One of the finest films of the calendar year came out earlier in 2016. A beautiful, simple and subtle film like Nil Battey Sannata demanded unconventional and quirky music and debutant director Ashwini Iyer Tiwari got Rohan and Vinayak, two unheard of composers, also making their debut. The director also got her husband Nitesh Tiwari, the director of Dangal, to pen the lyrics of three of the songs in the film. Together what has been produced is brilliant, and consequently, it features in the fifth spot of our Top 10 year-end countdown.
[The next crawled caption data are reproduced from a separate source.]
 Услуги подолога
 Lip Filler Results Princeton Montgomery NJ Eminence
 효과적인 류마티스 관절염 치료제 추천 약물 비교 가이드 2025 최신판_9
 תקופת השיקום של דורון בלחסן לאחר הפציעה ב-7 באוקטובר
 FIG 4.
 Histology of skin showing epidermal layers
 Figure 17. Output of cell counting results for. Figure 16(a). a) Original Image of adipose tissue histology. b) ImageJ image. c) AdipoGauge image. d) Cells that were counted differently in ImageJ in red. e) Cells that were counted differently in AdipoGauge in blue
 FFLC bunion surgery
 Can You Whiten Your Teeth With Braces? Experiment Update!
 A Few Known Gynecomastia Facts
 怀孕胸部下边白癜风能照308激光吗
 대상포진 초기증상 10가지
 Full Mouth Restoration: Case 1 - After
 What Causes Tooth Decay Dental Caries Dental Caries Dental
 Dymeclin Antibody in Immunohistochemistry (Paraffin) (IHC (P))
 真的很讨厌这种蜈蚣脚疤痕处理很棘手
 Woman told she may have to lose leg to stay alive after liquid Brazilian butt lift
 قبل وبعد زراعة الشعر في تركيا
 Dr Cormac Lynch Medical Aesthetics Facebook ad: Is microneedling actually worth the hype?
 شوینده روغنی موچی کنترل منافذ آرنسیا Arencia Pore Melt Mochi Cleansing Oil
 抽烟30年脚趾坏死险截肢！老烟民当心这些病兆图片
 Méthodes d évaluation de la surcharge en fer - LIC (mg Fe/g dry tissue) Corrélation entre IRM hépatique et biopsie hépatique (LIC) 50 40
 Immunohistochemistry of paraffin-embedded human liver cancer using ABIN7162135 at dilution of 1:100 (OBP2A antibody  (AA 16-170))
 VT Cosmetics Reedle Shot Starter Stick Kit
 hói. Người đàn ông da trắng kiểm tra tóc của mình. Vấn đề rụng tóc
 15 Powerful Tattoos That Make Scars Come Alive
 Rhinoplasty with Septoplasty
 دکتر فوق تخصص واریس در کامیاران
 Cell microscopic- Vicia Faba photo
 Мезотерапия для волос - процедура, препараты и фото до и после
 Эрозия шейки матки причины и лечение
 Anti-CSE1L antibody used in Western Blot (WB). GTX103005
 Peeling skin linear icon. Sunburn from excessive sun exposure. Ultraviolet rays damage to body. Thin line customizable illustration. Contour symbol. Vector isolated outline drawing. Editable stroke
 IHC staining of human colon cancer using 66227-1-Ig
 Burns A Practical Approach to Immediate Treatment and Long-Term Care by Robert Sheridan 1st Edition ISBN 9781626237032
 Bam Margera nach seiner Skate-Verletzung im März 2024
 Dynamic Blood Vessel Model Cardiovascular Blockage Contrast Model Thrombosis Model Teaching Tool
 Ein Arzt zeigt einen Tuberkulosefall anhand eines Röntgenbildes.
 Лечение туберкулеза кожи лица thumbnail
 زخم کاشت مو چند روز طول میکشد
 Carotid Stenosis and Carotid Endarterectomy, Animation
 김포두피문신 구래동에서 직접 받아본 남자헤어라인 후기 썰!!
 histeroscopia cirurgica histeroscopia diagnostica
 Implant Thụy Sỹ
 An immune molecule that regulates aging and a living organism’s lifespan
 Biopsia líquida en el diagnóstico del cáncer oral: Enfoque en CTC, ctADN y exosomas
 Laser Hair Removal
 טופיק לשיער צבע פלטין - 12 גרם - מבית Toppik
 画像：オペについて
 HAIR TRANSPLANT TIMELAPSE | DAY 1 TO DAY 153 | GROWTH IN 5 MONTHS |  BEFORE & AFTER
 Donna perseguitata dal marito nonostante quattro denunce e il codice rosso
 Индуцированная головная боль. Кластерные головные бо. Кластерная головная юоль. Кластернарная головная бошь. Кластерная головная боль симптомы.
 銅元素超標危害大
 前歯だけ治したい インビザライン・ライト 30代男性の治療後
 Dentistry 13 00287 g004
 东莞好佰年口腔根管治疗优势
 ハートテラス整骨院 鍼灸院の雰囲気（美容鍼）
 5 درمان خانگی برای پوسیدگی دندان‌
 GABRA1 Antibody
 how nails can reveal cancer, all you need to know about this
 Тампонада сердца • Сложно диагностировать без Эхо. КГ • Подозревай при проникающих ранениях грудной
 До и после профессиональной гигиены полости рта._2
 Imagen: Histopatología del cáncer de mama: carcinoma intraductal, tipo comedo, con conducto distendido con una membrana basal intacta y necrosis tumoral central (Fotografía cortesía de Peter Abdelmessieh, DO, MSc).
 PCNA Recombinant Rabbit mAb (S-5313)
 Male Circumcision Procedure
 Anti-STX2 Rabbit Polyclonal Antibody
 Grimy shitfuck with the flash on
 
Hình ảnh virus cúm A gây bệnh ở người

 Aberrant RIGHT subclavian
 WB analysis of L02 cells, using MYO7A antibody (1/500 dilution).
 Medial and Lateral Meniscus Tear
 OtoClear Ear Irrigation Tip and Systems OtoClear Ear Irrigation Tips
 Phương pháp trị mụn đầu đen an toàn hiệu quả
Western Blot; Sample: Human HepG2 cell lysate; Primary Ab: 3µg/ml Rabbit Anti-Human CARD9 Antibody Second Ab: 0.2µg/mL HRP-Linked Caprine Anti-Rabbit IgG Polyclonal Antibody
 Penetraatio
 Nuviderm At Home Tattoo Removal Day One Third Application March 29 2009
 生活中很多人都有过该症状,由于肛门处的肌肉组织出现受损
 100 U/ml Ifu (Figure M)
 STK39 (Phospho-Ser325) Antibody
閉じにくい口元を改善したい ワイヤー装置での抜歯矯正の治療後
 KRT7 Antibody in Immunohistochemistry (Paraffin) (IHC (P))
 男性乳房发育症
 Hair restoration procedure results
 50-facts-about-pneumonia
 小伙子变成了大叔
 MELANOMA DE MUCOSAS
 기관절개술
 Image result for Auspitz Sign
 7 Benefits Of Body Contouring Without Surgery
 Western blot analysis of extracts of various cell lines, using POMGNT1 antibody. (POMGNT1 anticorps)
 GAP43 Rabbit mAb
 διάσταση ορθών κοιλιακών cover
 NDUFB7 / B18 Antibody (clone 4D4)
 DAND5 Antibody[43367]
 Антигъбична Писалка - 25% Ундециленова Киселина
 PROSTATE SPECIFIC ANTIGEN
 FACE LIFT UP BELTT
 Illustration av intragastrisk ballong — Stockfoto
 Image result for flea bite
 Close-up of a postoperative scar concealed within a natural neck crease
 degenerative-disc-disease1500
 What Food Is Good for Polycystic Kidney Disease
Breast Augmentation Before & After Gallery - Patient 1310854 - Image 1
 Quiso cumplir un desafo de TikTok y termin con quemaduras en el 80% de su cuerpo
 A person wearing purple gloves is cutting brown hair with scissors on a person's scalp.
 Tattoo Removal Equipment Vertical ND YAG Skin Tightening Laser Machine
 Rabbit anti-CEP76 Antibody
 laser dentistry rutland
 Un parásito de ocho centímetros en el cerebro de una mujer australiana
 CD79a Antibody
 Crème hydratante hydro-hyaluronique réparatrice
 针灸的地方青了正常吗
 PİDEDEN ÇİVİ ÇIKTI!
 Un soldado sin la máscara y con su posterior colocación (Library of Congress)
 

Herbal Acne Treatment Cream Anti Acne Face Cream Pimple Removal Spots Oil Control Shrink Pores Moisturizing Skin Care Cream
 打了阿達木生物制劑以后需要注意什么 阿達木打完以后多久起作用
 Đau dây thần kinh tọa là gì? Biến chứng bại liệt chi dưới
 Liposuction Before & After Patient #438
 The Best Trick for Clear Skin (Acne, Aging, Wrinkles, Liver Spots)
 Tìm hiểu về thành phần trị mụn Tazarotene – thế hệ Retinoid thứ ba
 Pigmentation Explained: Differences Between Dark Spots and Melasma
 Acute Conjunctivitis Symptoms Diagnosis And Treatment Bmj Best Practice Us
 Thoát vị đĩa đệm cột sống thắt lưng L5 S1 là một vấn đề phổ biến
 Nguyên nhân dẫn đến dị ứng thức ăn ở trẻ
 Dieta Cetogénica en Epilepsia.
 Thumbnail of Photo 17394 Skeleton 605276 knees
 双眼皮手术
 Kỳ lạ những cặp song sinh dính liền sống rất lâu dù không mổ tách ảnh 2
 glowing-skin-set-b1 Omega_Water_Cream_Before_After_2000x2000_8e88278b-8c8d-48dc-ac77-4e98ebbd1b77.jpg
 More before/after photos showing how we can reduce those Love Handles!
The album starts with the very Amit Trivedi sounding Murabba. The song could almost fit into Lootera or Udaan. In terms of the melody and the musical arrangement, it’s a top song. The only thing lacking in it was the singing which I thought could have been better. Neuman Minto does a good job, but someone else could have made the composition even more endearing. It could very well be just me feeling this, but singing can enhance the quality of a song a great deal and my opinion could not get a better illustration than Maula. This track has been sung expertly by one of the best in the business, Nandini Srikar. Quality singing on display here and kudos to the composers on getting the vocalist exactly right here. Maths Mein Dabba Gul is a sweet song and is obviously very situational. It’s meant to be a fun number, and the composers have kept that element right there.
Maa has two versions, one rendered by Mohan Kanan and another by Hariharan. The track, written by Shreyas Jain, is meant to tug at your heartstrings, as almost all mother tributes are and Mohan’s raspy voice gives the song another dimension since it’s sung from the perspective of a young daughter. Hariharan’s sweet voice is perfect for a song like this, and he too expertly delivers. I personally prefer his version more and feel that he somehow enhances the beauty of the lyrics. The saxophone used in this song is great, and I wish it were used more. Maa Theme is the just the instrumental version of the same song and considering the melody is sombre, the piano and violin only make one feel more angst and pain. The album ends with Chanda Theme, and this one can make you well up, and simultaneously you would want to put it in the playlist you like to sleep to. Some great jugalbandhi between the piano and the violin here.
A movie like this required something beautiful, unconventional and quirky from the music. Composers, Rohan and Vinayak got it spot on and the Swara Bhaskar starrer managed to deliver on all fronts, ensuring it even finds a place on the music front. The composer duo is certainly one to keep an eye on in the future. Looking forward to what is in store for us in 2017!